Guest Blog by: Michael McMillan, General Manager, Seven Stones Winery
Everyone has heard the terms tastemaker, tipping point or critically acclaimed when it comes to just about every subject that is trying to gain favor with the public. Wine is no exception. The world of wine has been strongly impacted by public opinion. That public opinion is also strongly influenced by many forms of media. Whether it is a single line from a popular movie causing the entire Merlot market to crash and Pinot Noir sales to soar through the roof, or the critique of a well-known wine critic causing a small winery to be thrust into a spotlight that can change their world, the tastemakers and influencers in the world of wine abound. But how much weight should we give these influencers before we have lost our own palate, which is the true barometer of what we should drink? Do we really think all Merlot is bad? Even in this tongue and cheek movie, the favorite wine was the great Bordeaux, Cheval Blanc, which is predominately Merlot. We must all learn to take what those with influence say, and weigh it against our own tastes and judgement. Trust that the best wine for you to buy is the wine you enjoy drinking, not the wine you are told you should like. This certainly takes a bit more effort, I won’t deny that. When we start looking at those who have influence more as advisors instead of rule makers, we have to start thinking more for ourselves.

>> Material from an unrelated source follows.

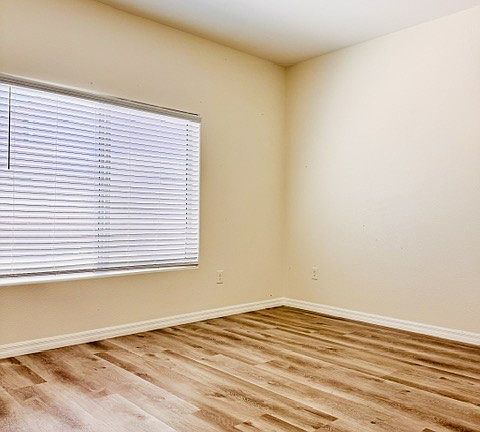 5th image of 681 Steep Canyon Ave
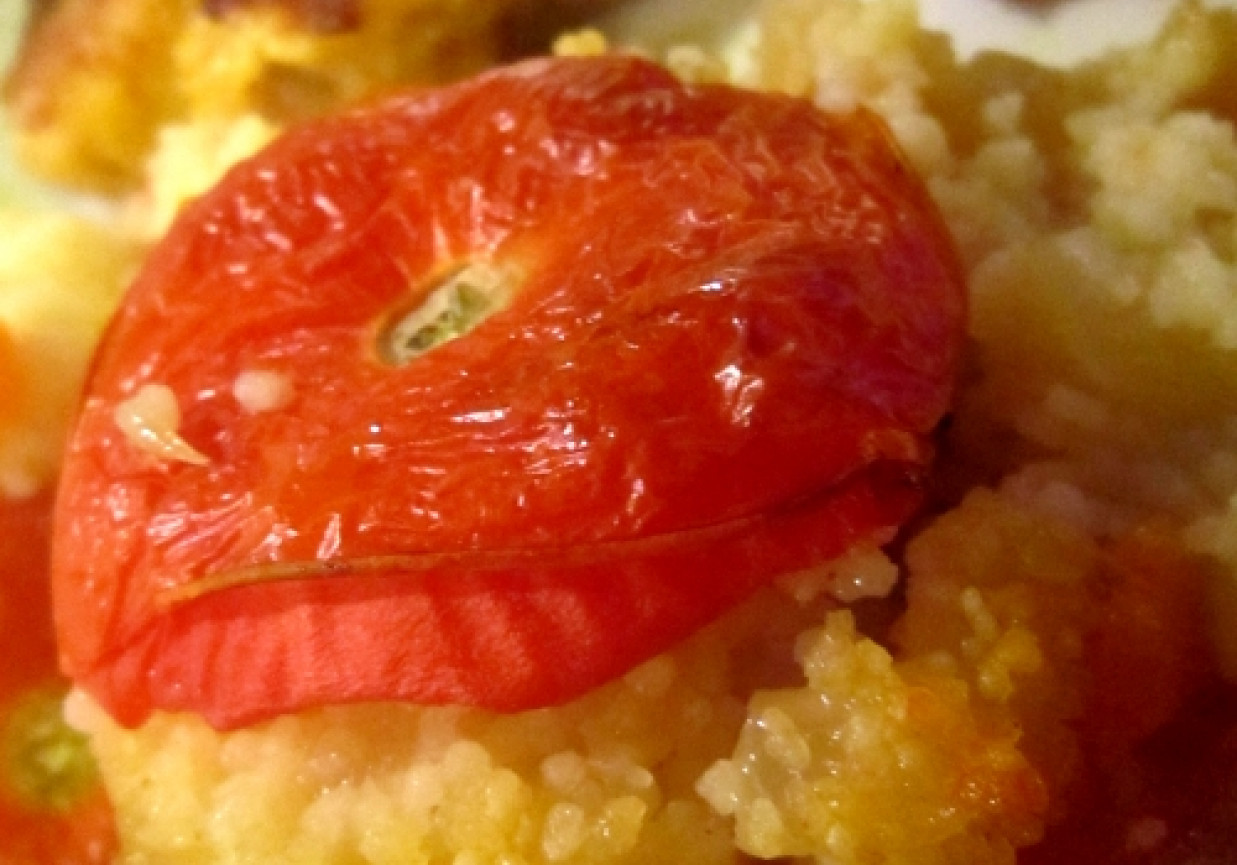 pomidory faszerowane kuskusem foto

Recently, there was a great deal of negative press on the 2011 vintage in California. If we were to listen solely to those trying to influence us, we would never buy a wine from the 2011 vintage. Does that really make sense? Can we make statements about the positive impacts of micro climates, terroir and the ability of a great winemaker and then negate all those factors by saying that an entire vintage should be avoided? Sure, 2011 was a tough year for making wine. There were certainly some weather aspects that made the winemaker work for their wine. However, there are great wines in 2011 from California. And because the 2011 vintage was a cooler vintage, these wines are going to have the tannic structure to be great a long time. Is it a typical vintage for California? Not by any means. But it certainly is not a vintage to be overlooked. The key to choosing a wine in a difficult vintage is to know the location the fruit came from and the reputation of the winemaker. Each individual property and winemaker is going to make a wine that differs to some extent from each other. This is true in both good vintages and difficult ones. So then, it goes to reason, in difficult vintages there can still be some great wines. In the case of 2011, hillside fruit in Napa experienced much less if little of the negative influences of the harvest rains. With 2011 being a cooler vintage, you end up with beautifully crafted hillside wines that have a tremendous aging capability. Many will remember the 1998 vintage. 1998, also panned by the influencers, had heads turning after it had spent 12-15 years in the bottle, while 1997, a critically acclaimed year, tended to fade much more quickly than anticipated.
So how do we know when to trust our own judgement or rely on the critics? It all comes down to how we use the critic. Let them tell us things that we may want to research further, but don’t follow them blindly. If they love a wine, make sure it is a wine that you also love. Perhaps your tastes are different than theirs. There is absolutely nothing wrong with that. If you read that entire geographical areas should be avoided for specific vintages, take it with a grain of salt. Do a little deeper research and see if there aren’t some pockets in those geographical areas that didn’t experience the negatives. You’ll come out looking like the real expert when you are able to find a great wine in a vintage or region where the renowned critics told you they didn’t exist. Believe me, the hidden gems are there.